As a white guy wading into the thicket of commentary related to Ferguson, I need to say one thing up front: The economic, political, and social structures of white supremacy that both overtly and covertly dehumanize people of color and lead to the kind of systematic state violence that kills young men like Michael Brown are textbook cases of sin and evil that cry out daily for just redress. My thoughts here are related to precisely this question of pursuing justice. From much of the social media and news commentary that has crossed my computer screen in the last few days, I’ve perceived a general misunderstanding of the tradition of nonviolent conflict as a means to social transformation.
Most importantly, nonviolence does not mean peaceful protest if by peaceful protest you mean people standing or marching quietly and orderly with their little signs and candles and in no way ruffling the feathers of the state or local communities. The Gandhian influenced tradition of nonviolence is ALL ABOUT consciously and purposefully creating and fomenting conflict. It is about the willingness to risk one’s own safety, and even one’s own life, in order to rock the boat in such a way that the full force of the system’s power is brought out into the open and exposed for the evil that it is. It is about channeling holy anger towards the systems of domination that relentlessly churn out victims.
Nonviolence is NOT about white bourgeois notions of propriety.
Indeed, when the white establishment that ignores the history of violence against black folks suddenly rises up to condemn reaction to that history by calling for “peace” (e.g., the white commentariat regarding certain reactions in Ferguson), they are not calling for nonviolent action, they are speaking about their desire for the absence of conflict.
The difference between violent and nonviolent means to pursue justice lies in the recognition that systems of domination are propped up in ways both material and spiritual. Indeed, that the material and spiritual are interdependent in their maintenance of power (both in its negative and positive forms). White supremacy, capitalism, exploitation, oppression, slavery, patriarchy, and so on, are comprised of both the material structures by which they produce and reproduce the social relations we call economy, politics, culture, and such, as well as and in concert with the spiritual relations that produce and reproduce the imaginative, conceptual, and affective dimensions by which worldviews are shaped and formed.
The problem with the violent approach to justice is that it reproduces the very logic of the material and spiritual – both structure and worldview – of all domination systems: the belief that violence is the best way to gain and maintain power, and is, as such, salvific.
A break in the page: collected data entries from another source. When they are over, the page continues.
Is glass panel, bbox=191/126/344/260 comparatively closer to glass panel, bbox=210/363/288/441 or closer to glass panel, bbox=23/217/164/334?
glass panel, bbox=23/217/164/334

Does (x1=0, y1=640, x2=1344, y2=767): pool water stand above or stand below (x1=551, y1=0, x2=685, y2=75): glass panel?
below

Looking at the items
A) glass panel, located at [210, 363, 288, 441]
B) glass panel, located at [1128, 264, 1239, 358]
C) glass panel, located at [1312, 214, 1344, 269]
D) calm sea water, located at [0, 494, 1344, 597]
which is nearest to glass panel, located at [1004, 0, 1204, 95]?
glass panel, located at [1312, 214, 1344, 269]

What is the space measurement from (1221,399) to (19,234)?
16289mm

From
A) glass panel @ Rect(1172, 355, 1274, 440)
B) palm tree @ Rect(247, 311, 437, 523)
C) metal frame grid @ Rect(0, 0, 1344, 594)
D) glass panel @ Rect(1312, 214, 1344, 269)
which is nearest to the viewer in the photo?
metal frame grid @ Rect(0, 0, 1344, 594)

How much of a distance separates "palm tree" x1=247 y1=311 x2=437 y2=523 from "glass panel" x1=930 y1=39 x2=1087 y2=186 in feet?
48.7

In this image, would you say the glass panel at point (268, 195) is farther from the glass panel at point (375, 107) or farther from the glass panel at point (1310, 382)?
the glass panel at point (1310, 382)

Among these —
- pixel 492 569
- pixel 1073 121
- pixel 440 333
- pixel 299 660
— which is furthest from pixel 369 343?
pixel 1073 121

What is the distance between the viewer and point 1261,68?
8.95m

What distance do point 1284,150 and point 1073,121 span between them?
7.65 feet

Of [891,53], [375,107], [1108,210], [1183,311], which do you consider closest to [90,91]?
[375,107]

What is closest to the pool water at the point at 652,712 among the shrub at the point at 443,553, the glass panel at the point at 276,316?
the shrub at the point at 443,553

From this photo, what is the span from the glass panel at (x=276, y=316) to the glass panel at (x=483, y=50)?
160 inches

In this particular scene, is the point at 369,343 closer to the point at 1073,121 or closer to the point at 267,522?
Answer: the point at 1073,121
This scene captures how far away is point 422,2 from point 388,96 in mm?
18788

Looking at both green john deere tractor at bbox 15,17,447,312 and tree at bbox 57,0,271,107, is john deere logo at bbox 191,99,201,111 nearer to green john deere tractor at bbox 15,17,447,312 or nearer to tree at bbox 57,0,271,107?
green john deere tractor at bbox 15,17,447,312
However, as Audre Lorde famously wrote, “the master’s tools will never dismantle the master’s house.”
Nonviolence seeks to address both the material and spiritual aspects of domination by not losing sight of the end toward which it reaches. This end is a nonviolent society where all human beings are valued and cared for according to their inherent and inviolable dignity. Thus, anything that diminishes the humanity of another is not a proper means for achieving this end. Likewise, anything that perpetuates the spiral of violence is not a proper means for achieving this end.
This does not mean avoiding conflict and confrontation with the powers that be. Rather, it means finding ever more creative ways to foment conflict and bring about confrontation, but in such a way that everyone’s humanity is left intact and violence is not the basis for bringing about transformation. Ultimately this means, to reclaim a phrase that has so unfortunately been co-opted by the military, seeking to “change hearts and minds” as much as material structures.
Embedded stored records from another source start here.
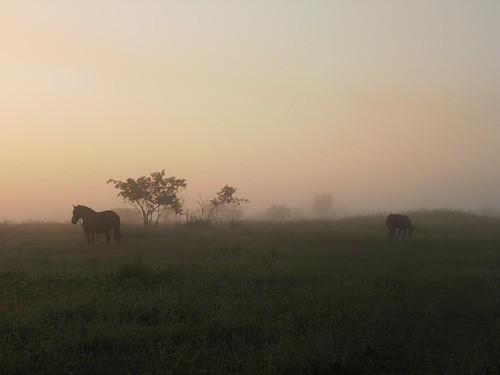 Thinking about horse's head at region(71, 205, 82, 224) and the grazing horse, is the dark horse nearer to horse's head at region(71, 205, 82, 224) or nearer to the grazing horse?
horse's head at region(71, 205, 82, 224)

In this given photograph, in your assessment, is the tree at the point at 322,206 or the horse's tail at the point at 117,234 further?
the tree at the point at 322,206

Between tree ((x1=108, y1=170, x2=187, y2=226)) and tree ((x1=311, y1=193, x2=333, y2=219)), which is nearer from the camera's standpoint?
tree ((x1=108, y1=170, x2=187, y2=226))

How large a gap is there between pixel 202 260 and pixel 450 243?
1416 cm

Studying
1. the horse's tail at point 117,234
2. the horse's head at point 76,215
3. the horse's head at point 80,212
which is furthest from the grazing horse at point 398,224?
the horse's head at point 76,215

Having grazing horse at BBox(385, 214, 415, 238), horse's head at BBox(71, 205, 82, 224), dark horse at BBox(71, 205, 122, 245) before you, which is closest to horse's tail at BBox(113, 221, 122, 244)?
dark horse at BBox(71, 205, 122, 245)

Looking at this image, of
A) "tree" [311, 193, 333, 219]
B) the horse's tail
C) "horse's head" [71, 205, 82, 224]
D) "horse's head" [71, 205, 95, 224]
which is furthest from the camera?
"tree" [311, 193, 333, 219]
In my view, one of the biggest failure of progressive social movements over the last forty or so years has been an utter lack of creativity. One can only attend so many “peaceful” marches, vigils, and rallies before these seem to be the only tactics of those advocating for nonviolence. Indeed, these tactics seem to have been “approved” by the systems of domination themselves, and it behooves these powers to continue to equate such tactics with the tradition of nonviolence as such. The powers that be erase the real history of nonviolence – the courageous risk to life and limb, the willingness to die for justice, the multiple creative and utterly ingenious ways that have been found to confront the system, and on and on – in favor of a sanitized and de-fanged “nonviolence” that uses false images and narratives of Martin Luther King, Jr. and Gandhi to sell computers and quash rebellion.
Not letting the radical and revolutionary potential of nonviolence fade from view is imperative. History is always written by the winners, and so we must not let the real history and tradition of nonviolence disappear into a cloud that conceals its explosiveness under the guise of “niceness” or “flower power,” or as the purview of the “polite” and “civilized.” Toward this end, below are listed some resources (and by no means comprehensive) that outline the history, theory, and practice of nonviolence.
May Michael Brown and all the murdered victims of systemic violence and injustice rest in peace, and may perpetual light shine upon them.
Remember: Organize; Create; Disrupt; Risk; Pray.